Data Warehouse Toolkit Flashcards
Why should reporting not be done from an Operational Source System?
The collection of data happens on a row-by-row basis. Reporting for the sake of making business decisions happens at an aggregated level. These are two different worlds.
Name the 6 goals of a Data Warehouse.
- Data should be easily accessible.
- The data should be consistent and have a high level of quality.
- The DW must be resilient to change.
- The data must meet the security needs of the business.
- The DW must improve business decisions.
- The DW must be accepted and used by Business Users.
What are the 4 components of a data warehouse
- Operational Source Systems
- Data Staging Area
- Data Presentation Area
- Data Access Tools
What is an Operational Source System?
It is where business transaction data is collected.
What happens in the Data Staging Area?
ETL.
What are Data Marts?
‘A wedge of the overall presentation area pie.’ A single data mart represents the relevant data for a specific business process.
Why should Data Marts use a Dimensional Model instead of 3rd-normal-form?
3rd-normal-form may be superior for operational processing, but it results in complicated schemas and is therefore confusing and cumbersome to query.
Why is it important to give access to data more granular than the relevant summary/aggregated data?
Even if Business Users will rarely be concerned with the row-level detail, providing the most granular possible data will allow flexibility in what questions Business Users can ask.
Where do numerical data generally get stored?
In the Fact Tables.
Where do descriptor data generally get stored?
In Dimension Tables.
What is the difference between a Star Schema and a snowflake Schema?

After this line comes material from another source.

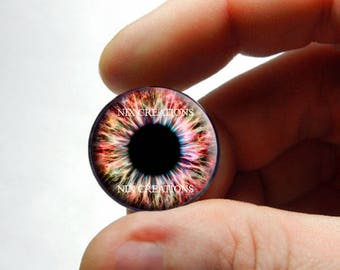 8mm 10mm 12mm 13mm 14mm 16mm 18mm 20mm 25mm 30mm Custom Blythe Eye Chips - Human Zombie Doll Craft Glass Eyes Handmade Glass Cabochons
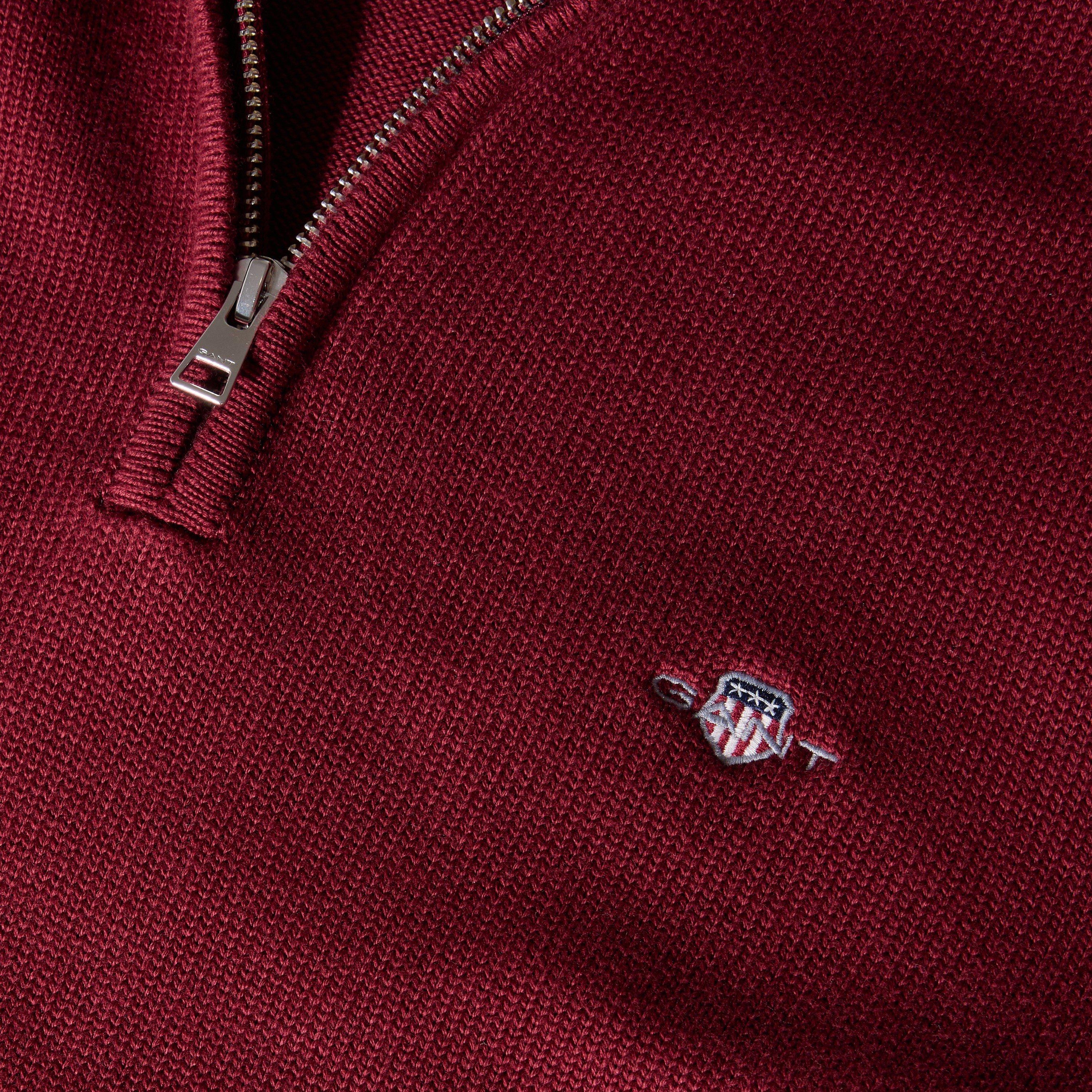 PLUMPED RED - Gant - Gant Casual Cotton Halfzip Plumped Red L - 3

Which is superior and why?
In a Star Schema there is one fact table surrounded by only one level of Dimension Tables. In a snowflake Schema, your dimension tables may be further normalized into multiple levels.
Star schema is preferred in a dimension model. While snowflake can be efficient storage-wise, it is harder to query in the same way that 3NF is.
Marketing and Sales are both concerned with lead generation metrics. Should I give each of them a lead generation data mart?
No. Data Marts should be process-centric, not department centric. This simplifies the data warehousing system.
What are the 4 Steps in the Dimensional Design Process?
- Select the business process to model
- Declare the grain of the business process.
- Choose the dimensions.
- Identify the numeric facts.
How can you choose which business model to process when there may be many?
Choose the business model that represents the most pressing business question.
How can you choose the grain?
The most atomic (most granular) level is almost always the preferred level of granularity.